Assignment —
Beginning at the line containing "Pieces - Blurry" and continuing to the end of the records below, give each line again exactly as it stands, and only those lines.

Given information —
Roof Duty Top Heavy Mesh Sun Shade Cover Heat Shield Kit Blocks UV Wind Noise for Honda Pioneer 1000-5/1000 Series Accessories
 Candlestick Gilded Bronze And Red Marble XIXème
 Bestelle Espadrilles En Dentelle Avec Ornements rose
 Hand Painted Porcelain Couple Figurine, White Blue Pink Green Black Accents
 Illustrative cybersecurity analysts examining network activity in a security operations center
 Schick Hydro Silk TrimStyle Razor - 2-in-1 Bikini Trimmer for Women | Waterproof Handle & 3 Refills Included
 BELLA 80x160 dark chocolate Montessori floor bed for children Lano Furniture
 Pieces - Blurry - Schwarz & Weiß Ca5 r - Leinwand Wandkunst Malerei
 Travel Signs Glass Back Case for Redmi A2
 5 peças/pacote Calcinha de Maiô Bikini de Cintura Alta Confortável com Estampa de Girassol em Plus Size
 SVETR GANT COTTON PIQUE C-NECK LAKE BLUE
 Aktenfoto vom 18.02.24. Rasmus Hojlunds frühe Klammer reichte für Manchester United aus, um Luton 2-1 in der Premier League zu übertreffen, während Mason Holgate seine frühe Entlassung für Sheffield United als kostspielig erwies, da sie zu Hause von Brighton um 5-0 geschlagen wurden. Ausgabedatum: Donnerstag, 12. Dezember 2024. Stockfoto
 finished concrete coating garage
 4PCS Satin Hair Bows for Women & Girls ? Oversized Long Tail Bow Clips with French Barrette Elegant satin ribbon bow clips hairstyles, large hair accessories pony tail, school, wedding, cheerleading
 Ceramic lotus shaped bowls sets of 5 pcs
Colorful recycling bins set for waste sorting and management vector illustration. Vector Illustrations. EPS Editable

The answer —
 Pieces - Blurry - Schwarz & Weiß Ca5 r - Leinwand Wandkunst Malerei
 Travel Signs Glass Back Case for Redmi A2
 5 peças/pacote Calcinha de Maiô Bikini de Cintura Alta Confortável com Estampa de Girassol em Plus Size
 SVETR GANT COTTON PIQUE C-NECK LAKE BLUE
 Aktenfoto vom 18.02.24. Rasmus Hojlunds frühe Klammer reichte für Manchester United aus, um Luton 2-1 in der Premier League zu übertreffen, während Mason Holgate seine frühe Entlassung für Sheffield United als kostspielig erwies, da sie zu Hause von Brighton um 5-0 geschlagen wurden. Ausgabedatum: Donnerstag, 12. Dezember 2024. Stockfoto
 finished concrete coating garage
 4PCS Satin Hair Bows for Women & Girls ? Oversized Long Tail Bow Clips with French Barrette Elegant satin ribbon bow clips hairstyles, large hair accessories pony tail, school, wedding, cheerleading
 Ceramic lotus shaped bowls sets of 5 pcs
Colorful recycling bins set for waste sorting and management vector illustration. Vector Illustrations. EPS Editable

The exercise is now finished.